● WHAT YOU NEED TO DO:
Copy each line below in which the string "Stuck" occurs.

● PROVIDED INFORMATION:
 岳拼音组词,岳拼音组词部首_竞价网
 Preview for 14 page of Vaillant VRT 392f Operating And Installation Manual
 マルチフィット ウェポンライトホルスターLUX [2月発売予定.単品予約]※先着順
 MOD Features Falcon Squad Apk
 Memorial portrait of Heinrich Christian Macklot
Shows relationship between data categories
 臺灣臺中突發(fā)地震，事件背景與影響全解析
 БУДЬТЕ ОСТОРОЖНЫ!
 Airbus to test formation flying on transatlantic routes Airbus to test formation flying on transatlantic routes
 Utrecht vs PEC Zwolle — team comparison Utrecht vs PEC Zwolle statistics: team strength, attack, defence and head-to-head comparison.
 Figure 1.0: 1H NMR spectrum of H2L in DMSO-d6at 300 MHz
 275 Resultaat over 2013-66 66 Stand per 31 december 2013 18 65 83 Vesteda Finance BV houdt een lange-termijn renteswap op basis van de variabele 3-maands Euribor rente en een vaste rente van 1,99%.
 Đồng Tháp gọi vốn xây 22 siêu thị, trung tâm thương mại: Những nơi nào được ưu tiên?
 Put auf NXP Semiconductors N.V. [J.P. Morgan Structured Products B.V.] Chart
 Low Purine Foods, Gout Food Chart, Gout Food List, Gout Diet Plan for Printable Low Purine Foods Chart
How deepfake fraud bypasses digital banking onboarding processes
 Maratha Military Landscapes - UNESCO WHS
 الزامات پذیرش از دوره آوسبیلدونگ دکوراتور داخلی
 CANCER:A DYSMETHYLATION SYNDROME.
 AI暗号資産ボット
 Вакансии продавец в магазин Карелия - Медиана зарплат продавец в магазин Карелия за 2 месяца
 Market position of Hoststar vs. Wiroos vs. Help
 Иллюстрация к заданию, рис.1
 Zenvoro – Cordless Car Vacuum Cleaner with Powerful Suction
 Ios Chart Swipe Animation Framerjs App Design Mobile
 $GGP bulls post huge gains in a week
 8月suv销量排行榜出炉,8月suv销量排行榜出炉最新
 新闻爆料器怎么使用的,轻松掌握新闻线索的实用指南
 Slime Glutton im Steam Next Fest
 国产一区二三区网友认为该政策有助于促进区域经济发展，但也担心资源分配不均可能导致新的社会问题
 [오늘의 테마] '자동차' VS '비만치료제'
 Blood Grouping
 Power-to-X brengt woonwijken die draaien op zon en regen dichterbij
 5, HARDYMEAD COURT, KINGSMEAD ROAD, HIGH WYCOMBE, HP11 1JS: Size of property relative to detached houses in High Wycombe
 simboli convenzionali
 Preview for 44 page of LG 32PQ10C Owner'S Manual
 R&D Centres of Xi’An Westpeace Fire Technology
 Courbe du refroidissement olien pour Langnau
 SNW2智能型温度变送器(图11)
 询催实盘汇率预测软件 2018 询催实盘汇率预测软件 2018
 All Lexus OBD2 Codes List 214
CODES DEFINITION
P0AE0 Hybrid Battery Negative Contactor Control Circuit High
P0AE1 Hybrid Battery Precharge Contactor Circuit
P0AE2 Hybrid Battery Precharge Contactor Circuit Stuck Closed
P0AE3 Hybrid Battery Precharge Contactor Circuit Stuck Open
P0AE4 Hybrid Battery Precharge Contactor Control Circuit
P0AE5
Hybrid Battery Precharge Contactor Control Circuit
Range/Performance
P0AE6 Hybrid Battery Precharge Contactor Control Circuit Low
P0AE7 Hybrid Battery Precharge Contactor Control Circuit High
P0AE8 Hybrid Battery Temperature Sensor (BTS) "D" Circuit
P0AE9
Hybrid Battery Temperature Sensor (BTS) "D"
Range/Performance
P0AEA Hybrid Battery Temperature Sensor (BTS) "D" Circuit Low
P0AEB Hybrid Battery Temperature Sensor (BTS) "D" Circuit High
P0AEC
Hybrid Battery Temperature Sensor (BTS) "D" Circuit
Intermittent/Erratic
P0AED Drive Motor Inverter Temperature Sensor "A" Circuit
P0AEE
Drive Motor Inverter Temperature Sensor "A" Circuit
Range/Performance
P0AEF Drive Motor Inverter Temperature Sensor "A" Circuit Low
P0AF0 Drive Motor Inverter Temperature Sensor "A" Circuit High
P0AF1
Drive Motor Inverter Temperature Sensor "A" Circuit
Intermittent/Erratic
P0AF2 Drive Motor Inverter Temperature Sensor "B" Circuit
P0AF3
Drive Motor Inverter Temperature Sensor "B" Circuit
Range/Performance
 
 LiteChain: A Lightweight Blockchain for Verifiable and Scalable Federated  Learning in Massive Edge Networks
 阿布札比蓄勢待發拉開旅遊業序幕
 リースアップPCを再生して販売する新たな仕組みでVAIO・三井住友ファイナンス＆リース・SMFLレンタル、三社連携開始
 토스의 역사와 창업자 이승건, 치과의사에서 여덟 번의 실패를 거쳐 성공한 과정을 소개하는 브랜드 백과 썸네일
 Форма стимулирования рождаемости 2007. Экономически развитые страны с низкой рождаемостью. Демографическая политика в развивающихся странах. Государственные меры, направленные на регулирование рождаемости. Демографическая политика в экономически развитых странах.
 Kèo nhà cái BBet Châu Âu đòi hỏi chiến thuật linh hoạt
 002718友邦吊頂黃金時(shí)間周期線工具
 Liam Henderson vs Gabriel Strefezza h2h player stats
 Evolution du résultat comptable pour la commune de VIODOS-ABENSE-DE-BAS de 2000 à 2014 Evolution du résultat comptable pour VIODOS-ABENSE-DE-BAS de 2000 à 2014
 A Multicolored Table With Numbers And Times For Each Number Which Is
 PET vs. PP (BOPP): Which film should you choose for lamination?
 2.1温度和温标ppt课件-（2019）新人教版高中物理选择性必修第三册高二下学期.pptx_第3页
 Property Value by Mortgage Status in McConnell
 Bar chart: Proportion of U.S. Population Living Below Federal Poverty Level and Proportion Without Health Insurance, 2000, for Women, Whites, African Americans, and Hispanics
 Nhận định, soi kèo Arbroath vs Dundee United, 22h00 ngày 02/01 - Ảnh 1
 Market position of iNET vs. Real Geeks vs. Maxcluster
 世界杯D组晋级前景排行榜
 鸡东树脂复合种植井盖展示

● ANSWER:
P0AE2 Hybrid Battery Precharge Contactor Circuit Stuck Closed
P0AE3 Hybrid Battery Precharge Contactor Circuit Stuck Open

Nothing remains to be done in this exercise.